> [DATASET RECORDS]
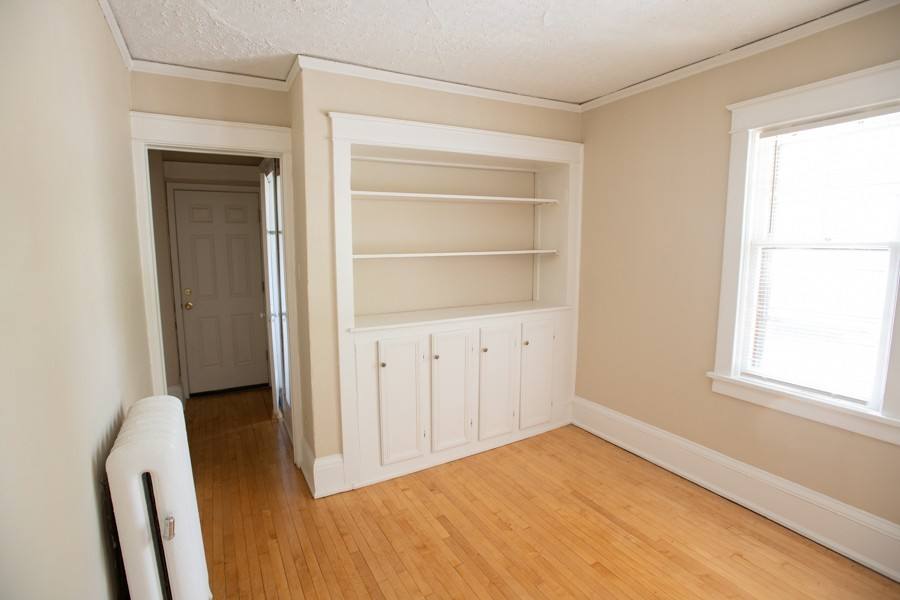Apartment for rent at 1802 E Linnwood Ave, Milwaukee, WI 53211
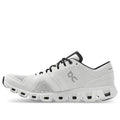 On Cloud X sneaker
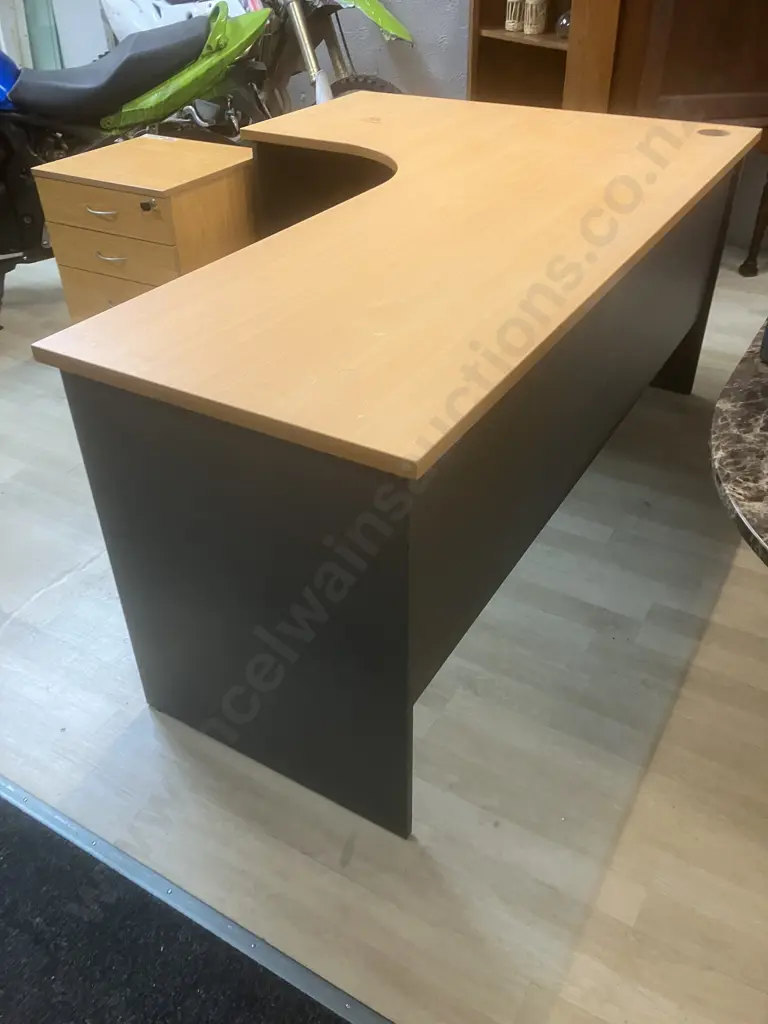 Computer Desk With Mobile Filer. H74 L120 W180cm Image 1++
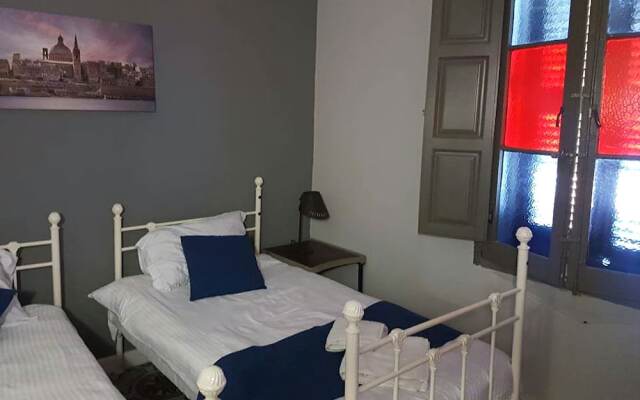 Sliema Ferries Guest House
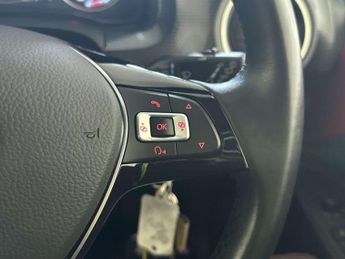 Volkswagen e-up! 36.8kWh e-up! Hatchback 5dr Electric Auto (82 ps)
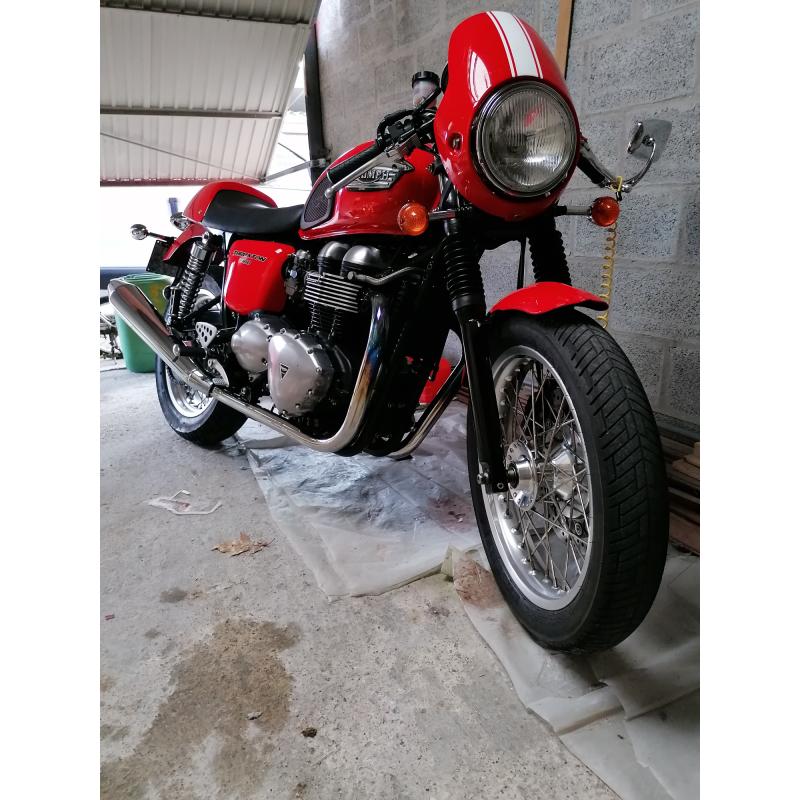 triumph truxton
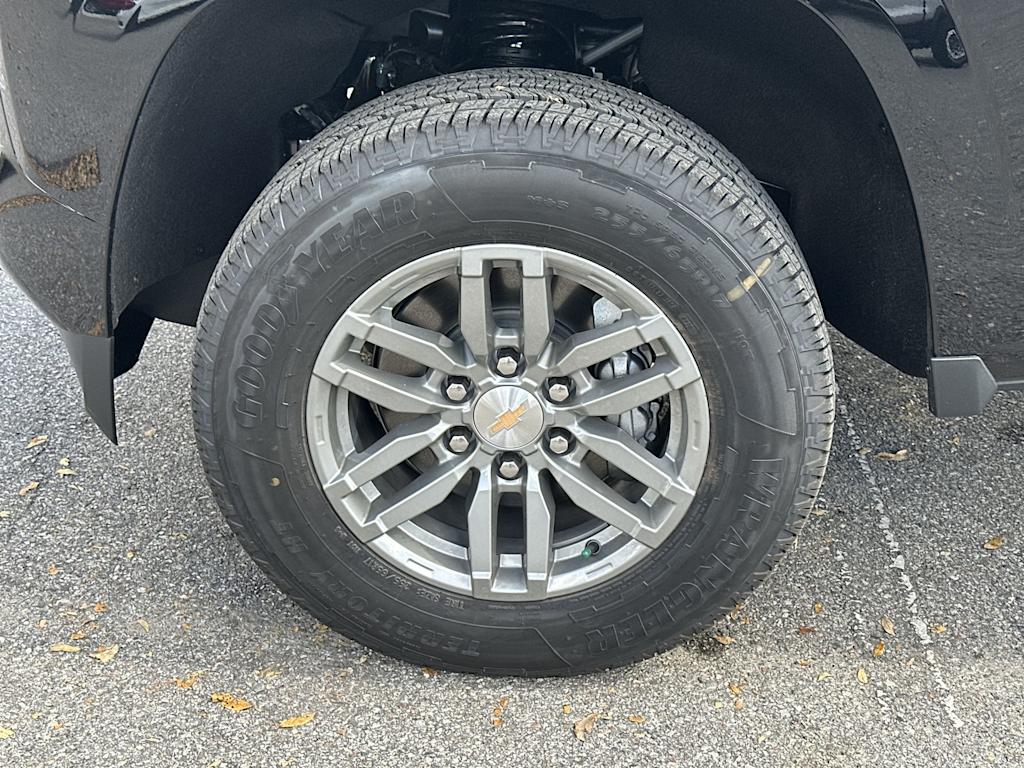 Thumbnail: 2026 Chevrolet Colorado - 8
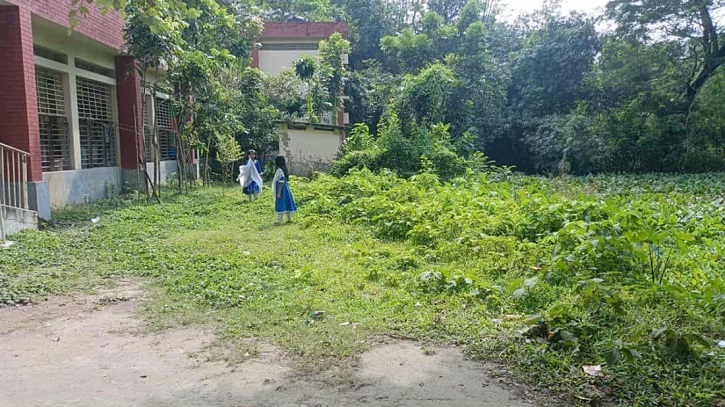 বিদ্যালয়ে মাঠ নেই, খেলাধুলা প্রায় বন্ধ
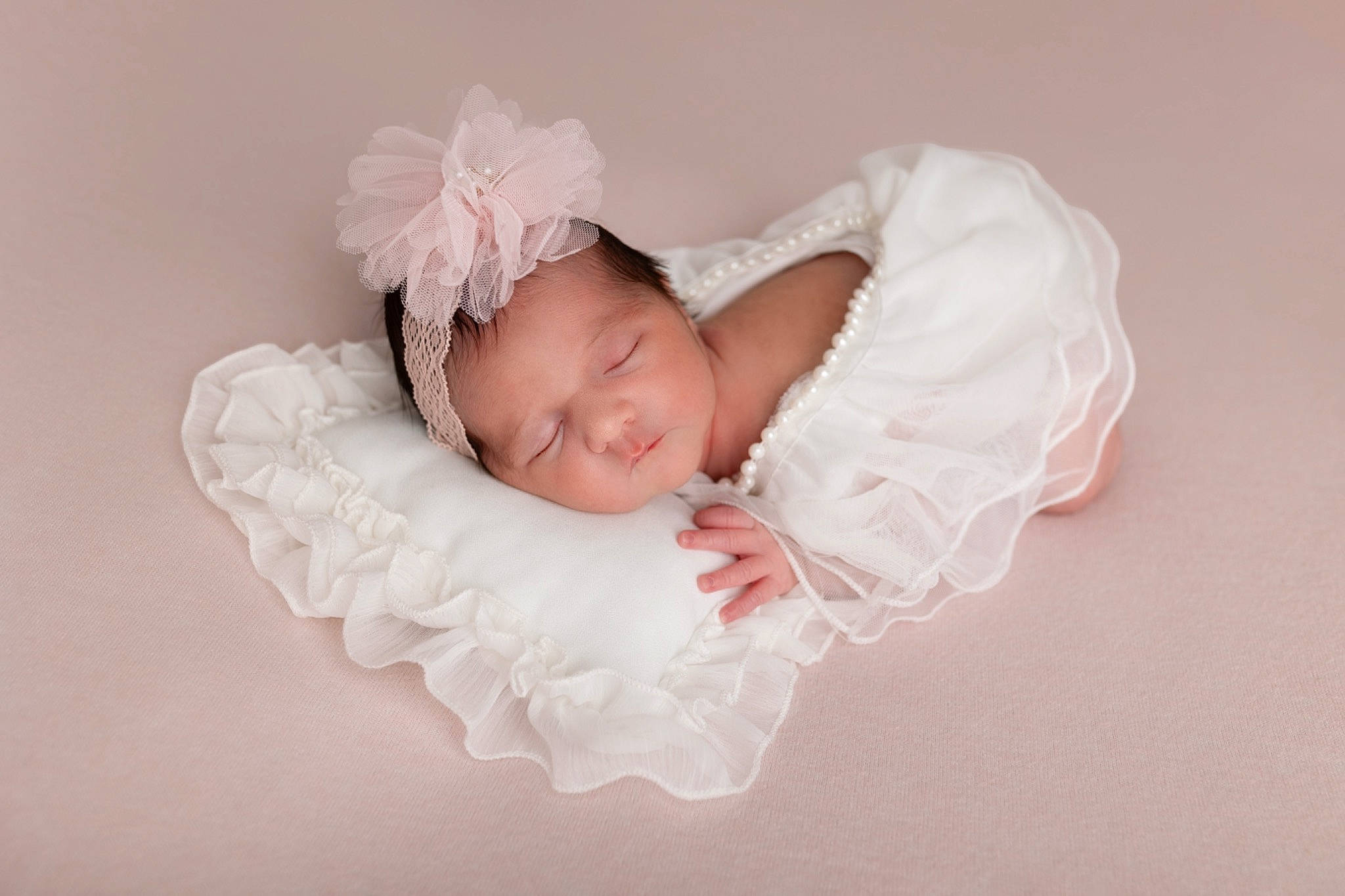 Louna a rejoint le concours — aidez-le/la à gagner de superbes lots ! baby, baby_sleeping, baby_toddler_clothing, cheek, child, comfort, dress, eye, finger, flash_photography, hair_accessory, hand, headband, headgear, headpiece, headwear, human_body, linens, person, petal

> [REQUIRED ACTION] Transcribe nothing but the lines from the one containing "Thumbnail: 2026 Chevrolet Colorado - 8" through the final line of the records, exactly as written and without pictures.

> [ANSWER TO THE PROBLEM]
 Thumbnail: 2026 Chevrolet Colorado - 8
 বিদ্যালয়ে মাঠ নেই, খেলাধুলা প্রায় বন্ধ
 Louna a rejoint le concours — aidez-le/la à gagner de superbes lots ! baby, baby_sleeping, baby_toddler_clothing, cheek, child, comfort, dress, eye, finger, flash_photography, hair_accessory, hand, headband, headgear, headpiece, headwear, human_body, linens, person, petal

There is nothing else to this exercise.